“Why, a good many of them has two or three plantations, but they don’t often live on any of them.”
“Must have ice for their wine, you see,” said Mr. S., “or they’d die. So they have to live in Natchez or New Orleans. A heap of them live in New Orleans.”
“And in summer they go up into Kentucky, do they not? I’ve seen country houses there which were said to belong to cotton-planters from Mississippi.”
“No, sir. They go North. To New York, and Newport, and Saratoga, and Cape May, and Seneca Lake. Somewhere that they can display themselves more than they do here. Kentucky is no place for that. That’s the sort of people, sir, all the way from here to Natchez. And all round Natchez, too. And in all this section of country where there’s good land.

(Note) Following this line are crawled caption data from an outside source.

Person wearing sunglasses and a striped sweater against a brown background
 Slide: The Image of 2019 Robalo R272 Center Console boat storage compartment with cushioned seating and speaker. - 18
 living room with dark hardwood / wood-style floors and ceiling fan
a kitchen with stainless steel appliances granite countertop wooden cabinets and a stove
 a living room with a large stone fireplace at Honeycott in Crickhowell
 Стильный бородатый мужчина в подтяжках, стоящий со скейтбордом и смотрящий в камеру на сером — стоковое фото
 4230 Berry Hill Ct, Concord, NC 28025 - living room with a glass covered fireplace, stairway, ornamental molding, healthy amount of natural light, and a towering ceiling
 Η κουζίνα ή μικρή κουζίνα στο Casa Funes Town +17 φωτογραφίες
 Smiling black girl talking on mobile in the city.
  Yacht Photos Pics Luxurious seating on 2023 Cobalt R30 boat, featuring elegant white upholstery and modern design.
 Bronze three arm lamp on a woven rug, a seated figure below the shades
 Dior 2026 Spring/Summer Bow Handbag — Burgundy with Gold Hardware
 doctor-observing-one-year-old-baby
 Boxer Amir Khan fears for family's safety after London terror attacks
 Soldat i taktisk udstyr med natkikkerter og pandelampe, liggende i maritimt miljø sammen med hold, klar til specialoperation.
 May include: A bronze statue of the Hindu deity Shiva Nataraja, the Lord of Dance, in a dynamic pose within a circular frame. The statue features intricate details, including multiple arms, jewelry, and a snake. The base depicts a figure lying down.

Good God! I wouldn’t have my children educated, sir, among them, not to have them as rich as Dr. ——, every one of them. You can know their children as far off as you can see them. Young swell-heads! You’ll take note of ’em in Natchez. You can tell them by their walk. I noticed it yesterday at the Mansion House. They sort o’ throw out their legs as if they hadn’t got strength enough to lift ’em and put them down in any particular place. They do want so bad to look as if they weren’t made of the same clay as the rest of God’s creation.”
Some allowance is of course to be made for the splenetic temperament of this gentleman, but facts evidently afford some justification of his sarcasms. This is easily accounted for. The farce of the vulgar-rich has its foundation in Mississippi, as in New York and in Manchester, in the rapidity with which certain values have advanced, especially that of cotton, and, simultaneously, that of cotton lands and negroes.[15] Of course, there are men of refinement and cultivation among the rich planters of Mississippi, and many highly estimable and intelligent persons outside of the wealthy class, but the number of such is smaller in proportion to that of the immoral, vulgar, and ignorant newly-rich, than in any other part of the United States. And herein is a radical difference between the social condition of this region and that of the sea-board slave States, where there are fewer wealthy families, but where among the few people of wealth, refinement and education are more general.
I asked how rich the sort of men were of whom he spoke.
“Why, sir, from a hundred thousand to ten million.”
“Do you mean that between here and Natchez there are none worth less than a hundred thousand dollars?”
“No, sir, not beyond the ferry. Why, any sort of a plantation is worth a hundred thousand dollars. The niggers would sell for that.”
“How many negroes are there on these plantations?”